Durante diez días o más realizamos reuniones con agentes del gobierno de Hugo Chávez y con líderes de la oposición, alguna en la residencia del Miguel Henrique Otero, para escuchar sus posiciones y buscar la manera de poner freno a la grave polarización que se respiraba en el ambiente. Nuestros esfuerzos fueron vanos. Como han sido inútiles, hasta ahora, las gestiones de líderes políticos, jefes de gobierno y representantes de organismos internacionales con pergaminos y poder real muy diferentes y verdaderos a los que teníamos los tres ilusos de aquella ocasión.
Después de aquellos años he ido en varias oportunidades a Caracas y en cada visita encuentro aún más acendrada la polarización y más deteriorada la situación de ese gran país. Venezuela es un desastre se mire por donde se mire. La responsabilidad principal recae, sin duda alguna, en los sucesivos gobiernos de Nicolás Maduro. Pero el aporte de la oposición no ha sido menor. Los extremos han ascendido de lado y lado. Las fuerzas moderadas se fueron opacando paso a paso. Las maniobras del régimen para quedarse en el poder se multiplicaron y las conspiraciones para intentar tumbarlo, también.
La polarización era intensa entonces; hoy, lo es aún más. Venezuela es un país fracturado, donde las fuerzas moderadas se han ido apagando paulatinamente. El régimen ha echado mano de la violencia y de las más variadas maniobras para quedarse en el poder, entre tanto la oposición ha participado en cuanta conspiración le han ofrecido para tumbar a Maduro.
Machado, en aquellos días de 2004, hablaba en nombre de Súmate, una plataforma de la sociedad civil. Tenía un verbo fácil y una pasión desbordada. Era una crítica severa y sin matices del chavismo. Veinte años después, ha mantenido esas banderas, contribuyendo también a la radicalización del debate. En algún momento llegó incluso a invocar una intervención armada. No ha sido, en todo caso, un dechado de pacifismo.

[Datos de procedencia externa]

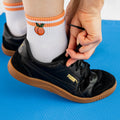 [lf] Person tying black Puma sneakers, wearing white socks with orange stripes and a peach embroidery.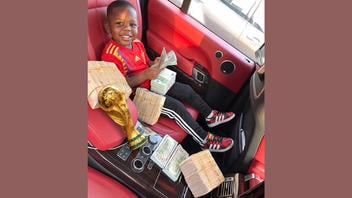 Fact Check: FAKE Image Shows Lamine Yamal's Little Brother Keyne With Cash And World Cup Trophy -- Made With AI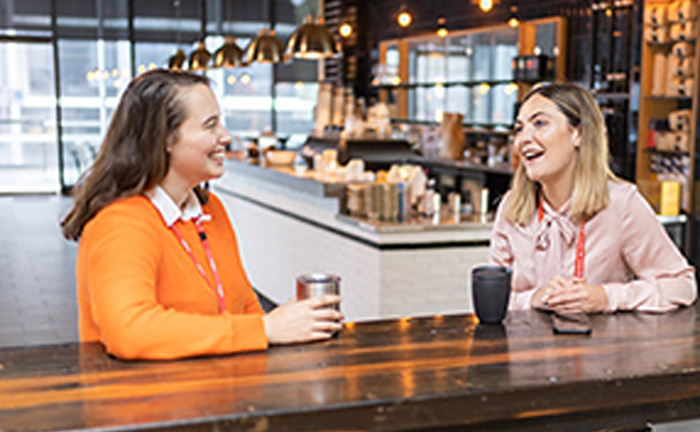 Two women engaged in conversation while sitting at a bar, enjoying drinks and each other's company.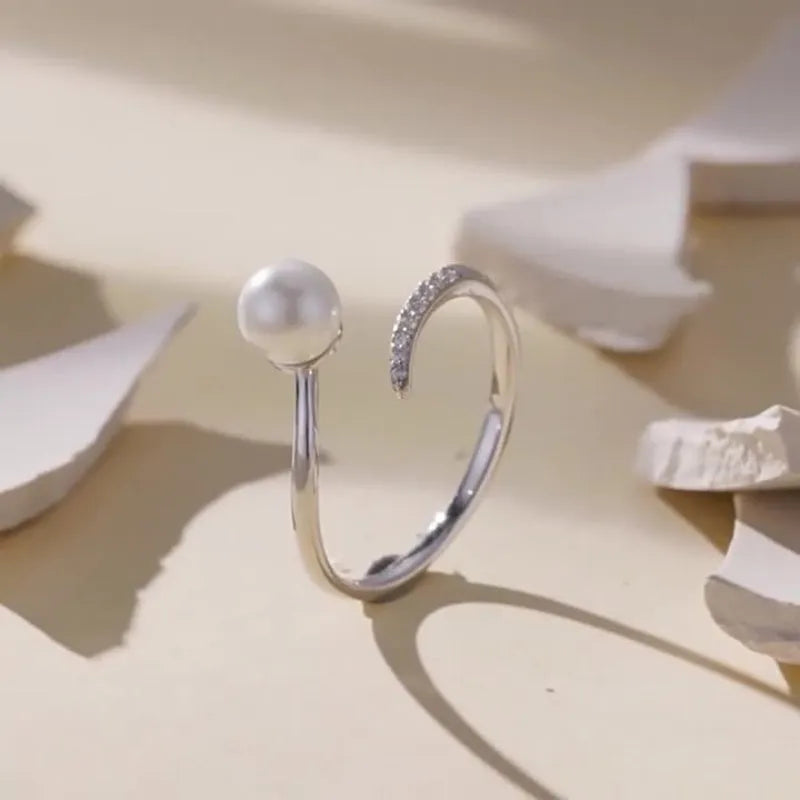Adjustable sterling silver ring with natural shell pearls and open loop design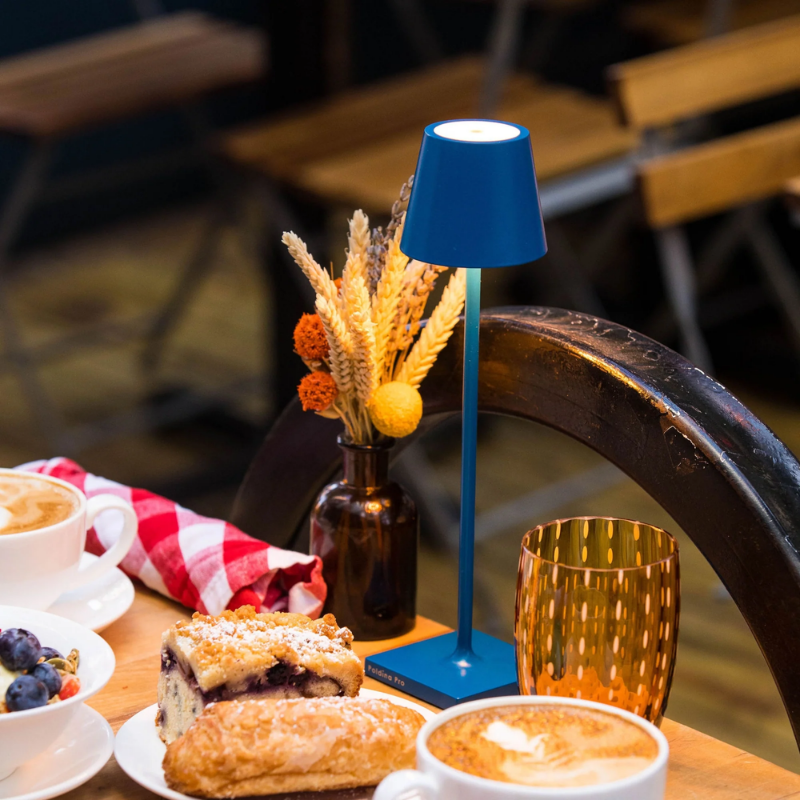 The capri blue Poldina Pro Micro from Zafferano on a dining table.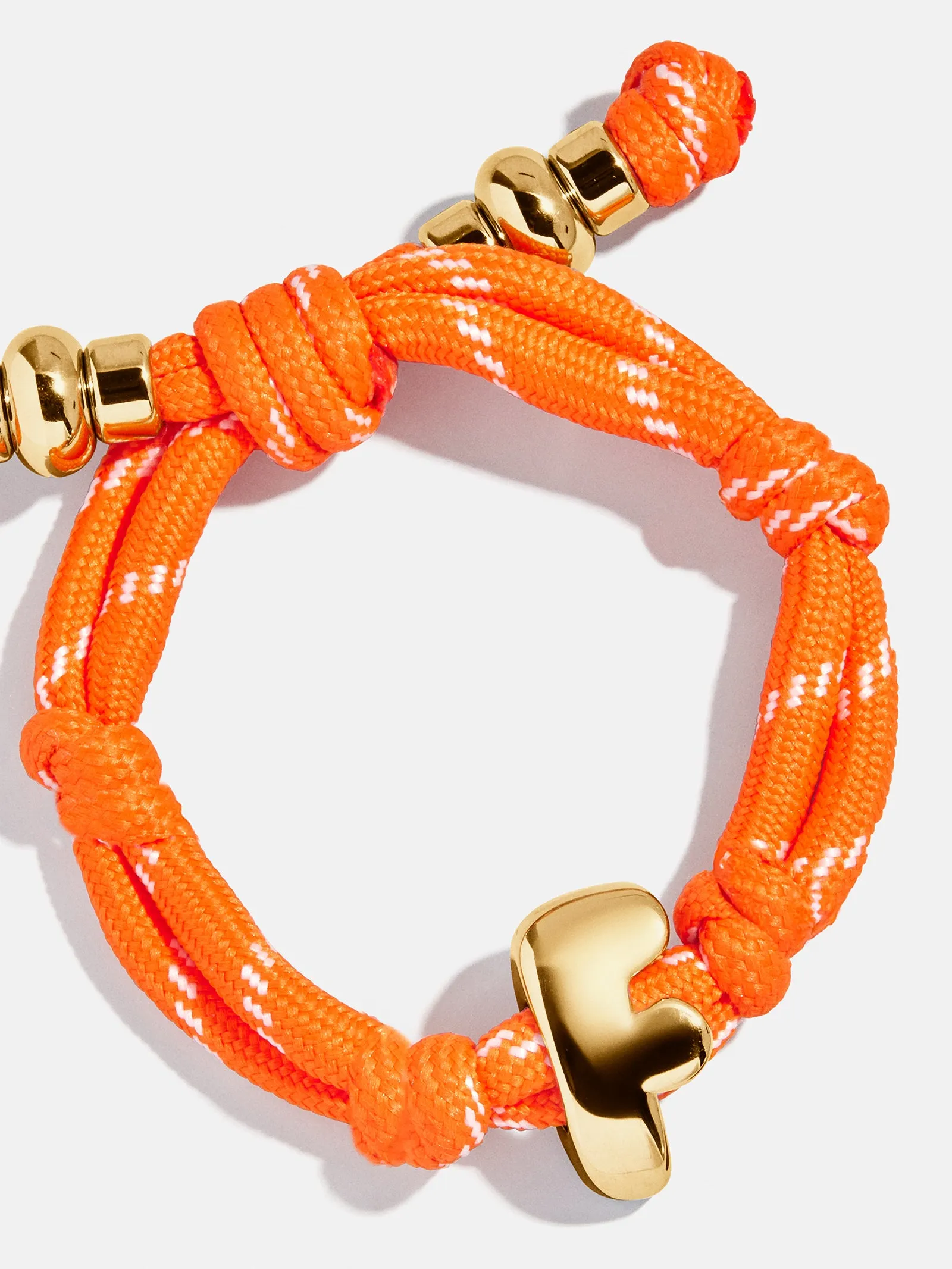 Knotty Initial Custom Bracelet - Tangerine Single Letter sold by BaubleBar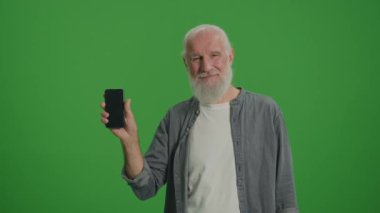 Yeşil Ekran. Akıllı telefonlu gülümseyen yaşlı bir adamın portresi. Yaşlılar için Gelişen Teknolojiler. Market Evleri ve Yaşlılar İçin Şeyler İnterneti.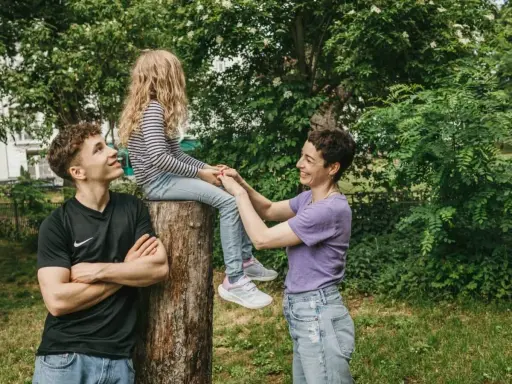 Ein junger Mann schaut zu seiner Mutter, die mit seiner kleinen Schwester auf einem Baumstumpf sitzt. Vielleicht denkt er, wenn der Sohn die falsche Freundin hat, ist die Familie trotzdem da.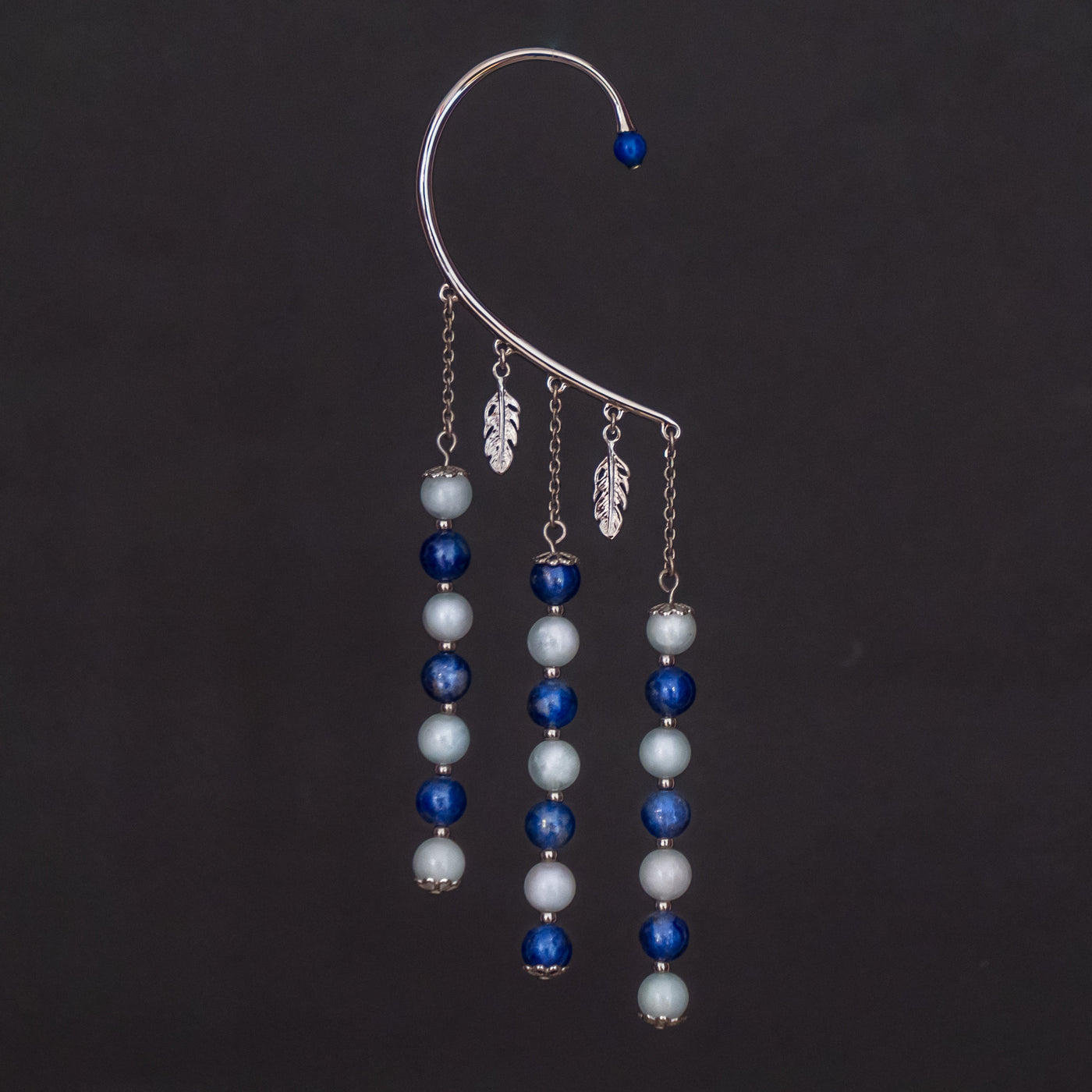 Tour d'oreille de couleur argenté avec ses deux breloque en forme de feuille, ses trois pendants avec des perles bleu de deux teintes différentes. Une perle d'énergie termine le tour d'oreille sur le haut.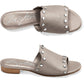 Brighton metallic taupe leather slide sandals with silver-tone studs, shown from top and side views, on a white background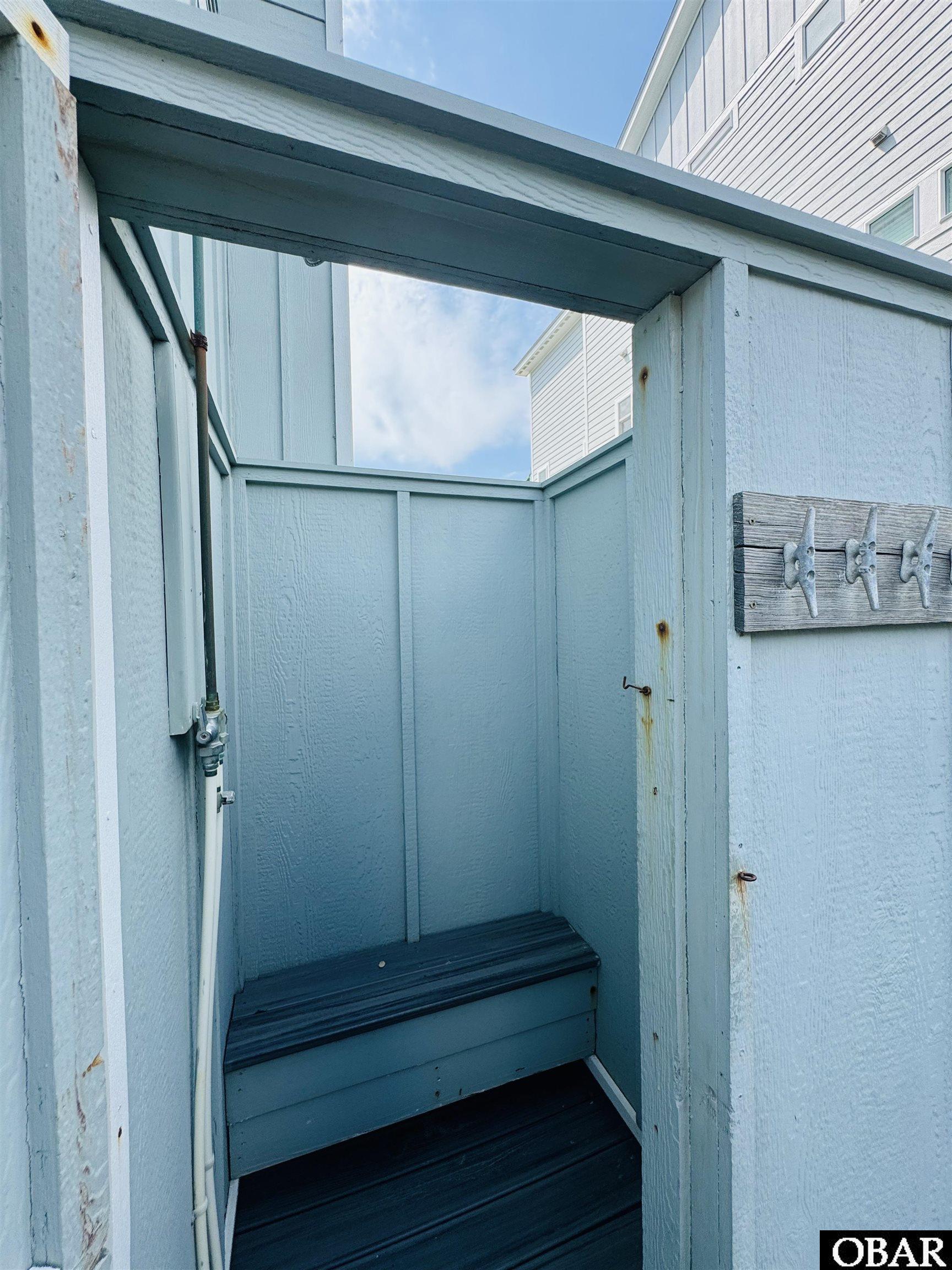 Outdoor shower with a built-in bench, pale blue wooden enclosure, and wall hooks.
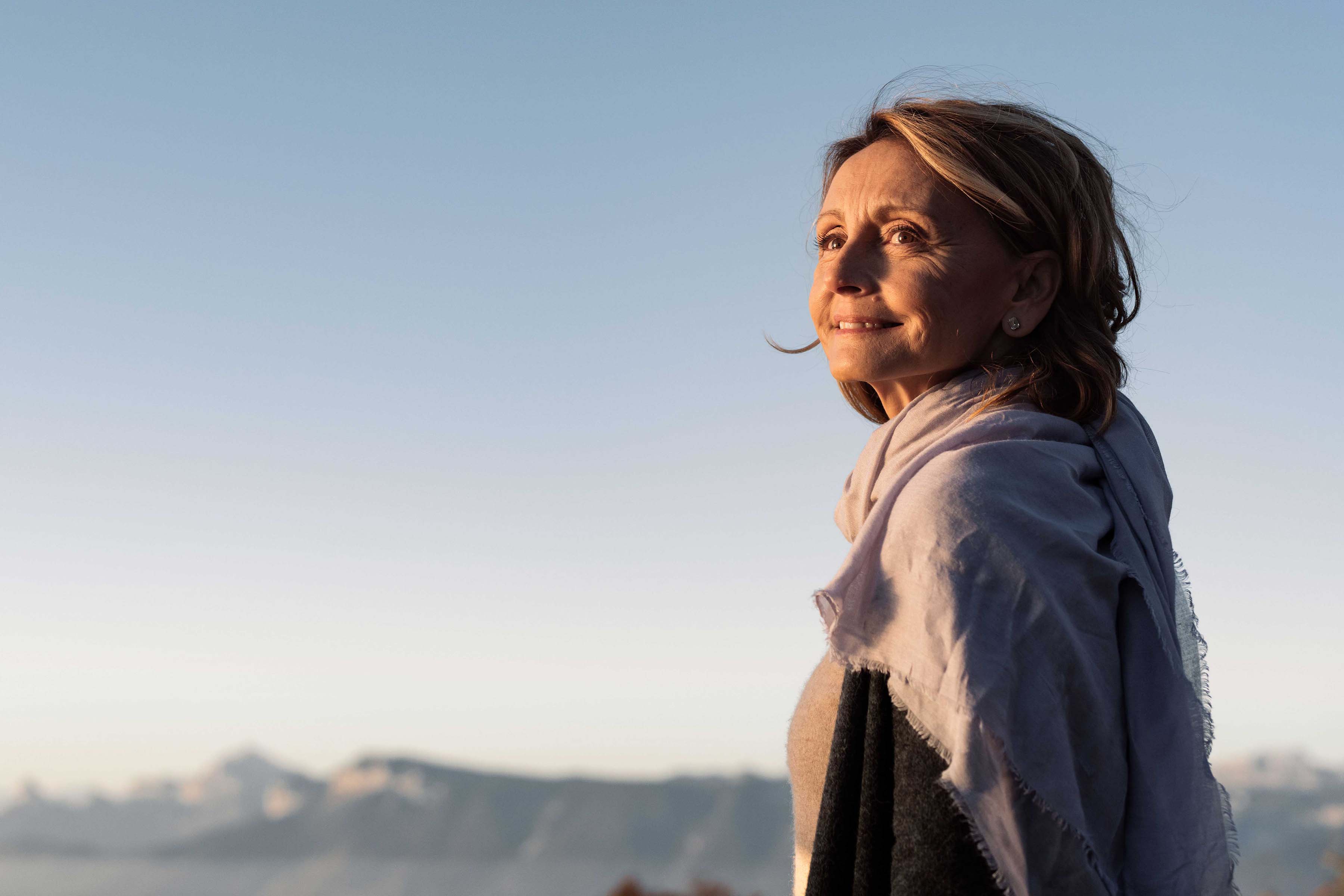 Femme avec un foulard au tour du cou illuminée par le soleil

El Comité del Nobel ha premiado su persistencia y su papel como símbolo opositor. Eso está bien: el premio reconoce trayectorias pasadas. Pero, como en todos los casos, su verdadera fuerza está en lo que ocurre después. El Nobel puede operar como un instrumento de poder blando: no transforma por sí solo, pero puede modificar incentivos, legitimar actores y abrir ventanas de oportunidad. Lo vimos en Colombia con Santos, en Sudáfrica con De Klerk y Mandela, y en Birmania con Aung San Suu Kyi, aunque este último caso demuestra también los límites: un Nobel no garantiza coherencia futura.
En Venezuela, el desafío es mayúsculo. El régimen de Maduro ha perfeccionado el control institucional y militar. La oposición, aunque hoy tiene un liderazgo más claro, sigue fragmentada. Los actores internacionales juegan un papel crucial. En ese tablero complejo, un premio puede inclinar la balanza simbólica, pero no reemplaza las negociaciones reales.
Cuando le otorgaron el Nobel a Santos, la derecha colombiana fustigó sin piedad al Comité del Nobel de Paz; hoy lo aplaude. La historia cambia rápido cuando la política se mueve. Por eso, más que celebrar o condenar el premio a María Corina, vale la pena preguntarse qué uso político hará de él. Se honra el Nobel con el después. Ojalá sea el caso de Venezuela.
PD. Ni el ataque de Hamas a Israel, ni el genocidio de Israel sobre el Pueblo Palestino en estos dos años, se podrán borrar de la memoria en los siglos venideros, pero se ha iniciado un largo y muy difícil camino hacia la paz que debemos alentar. Esperemos para ver si por fin se le reconoce a los palestinos el derecho a tener su propio Estado y a vivir en libertad.